In addition to modeling salaries using age, the thought of allowing KMeans to cluster players based on their salaries also interests me.

#import Kmeans
from sklearn.cluster import KMeans

#instantiate and fit
kmeans = KMeans(n_clusters = 5)
kmeans.fit(df[["Salary"]])
df["cluster"] = kmeans.predict(df[["Salary"]])

#Values pred2 represent the predicted values of the second degree polynomial while values Pred3
#represent the third degree polynomial
c1= alt.Chart(df).mark_circle().encode(x="Minutes Played",y="Salary",
color = alt.Color('cluster:N',scale=alt.Scale(scheme="category10")), 
tooltip = ["Player"])
c2 = alt.Chart(df).mark_line(color="red").encode(x="Minutes Played",y="Pred2")
c3 = alt.Chart(df).mark_line(color="purple").encode(x="Minutes Played",y="Pred3")
c1+c2+c3

The red line represents the second degree polynomial and the purple line represents the third degree polynomial. Given that both lines essentially overlap each other, I believe that this data is best represented by a second degree polynomial with minutes played being the explanatory variable.

As an NBA fan, looking at the KMeans clustering of salary is very intruiging. Players of cluster 4, are all NBA superstars while players in cluster 2 and 0 are more inexperienced rookie players. Although there are no clear defintions of superstar and rookie players, I believe that Kmeans clustering has done a very good job of classifying players.

print(f"The mean squared error on the test set is {mse_test_dict[2]} for our first model and {mse_test_dict[3]} for our second model.")
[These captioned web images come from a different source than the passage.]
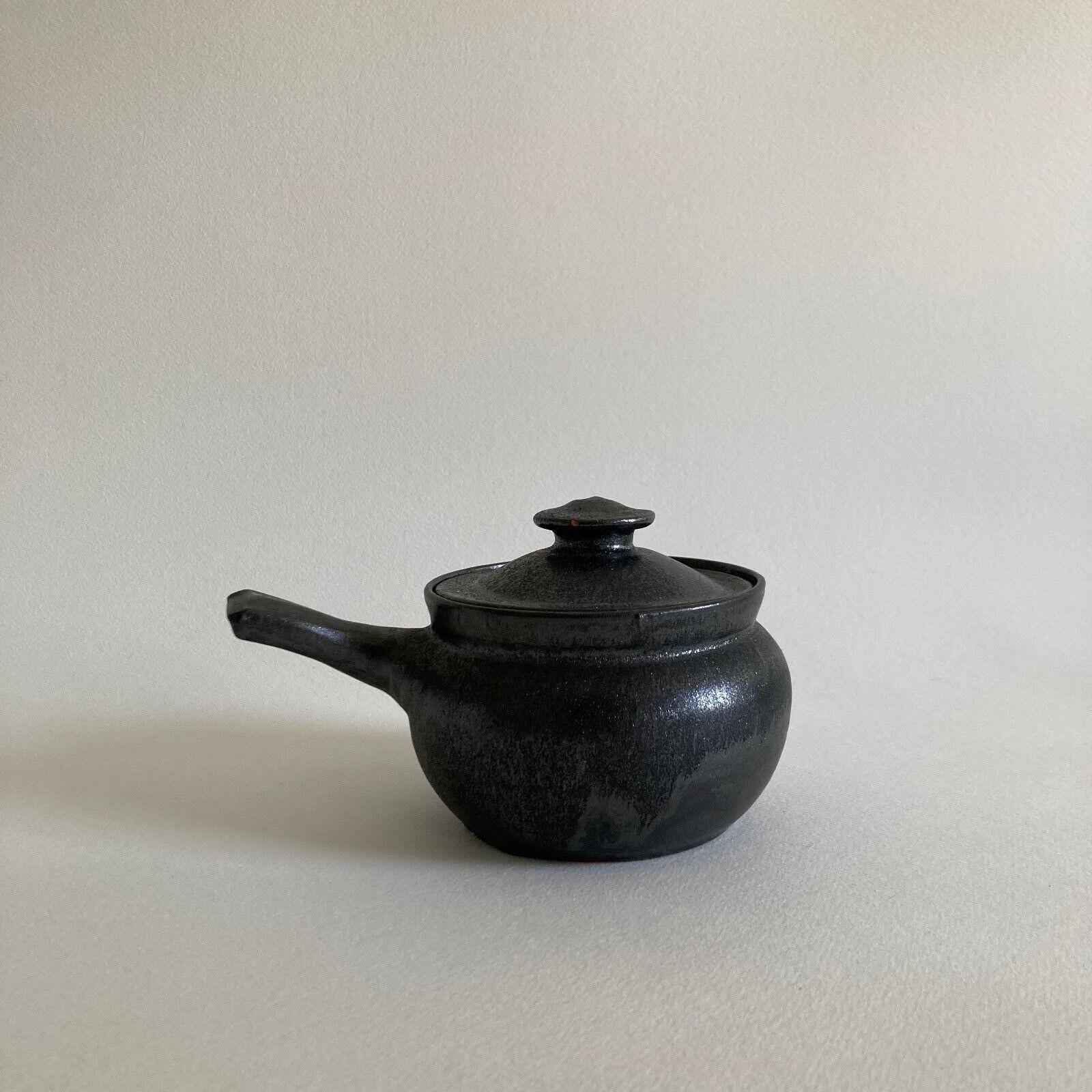 A.R. Cole Pottery Lidded Dish: Black Mica Glaze, Sanford NC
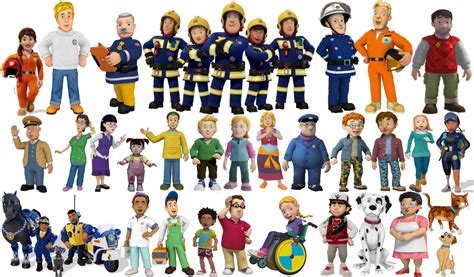 Infographic showing the main characters of the Fireman Sam fire station team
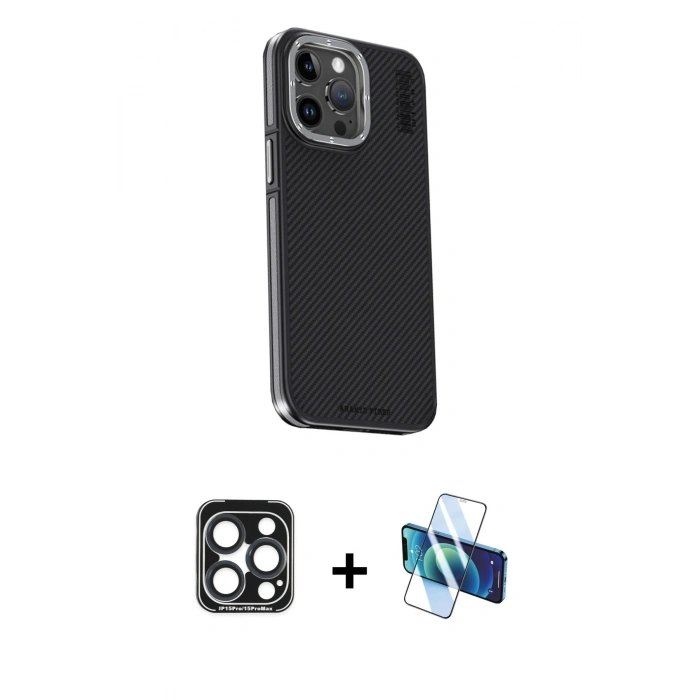 MARSİLYAN™- iPhone 15 Pro Max Kılıf Kıvılcım Modern Özel Seri - Siyah 3D Antistatik Seramik Nano Ekran Koruyucu + PVD Metal Kamera Lens - LT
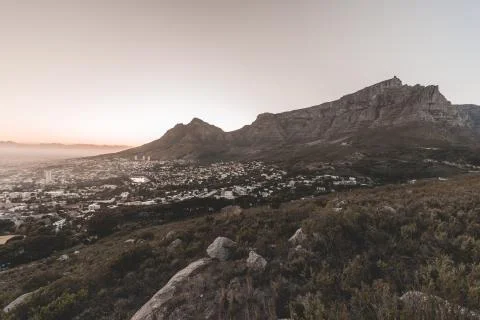 Table Mountain at sunrise Stock Photos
The mean squared error on the test set is 31783168855090.08 for our first model and 31493181673353.64 for our second model.

print(f"The mean squared error on the training set is {mse_train_dict[2]} for our first model and {mse_train_dict[3]} for our second model.")

The mean squared error on the training set is 45858785276720.55 for our first model and 45823585405179.02 for our second model.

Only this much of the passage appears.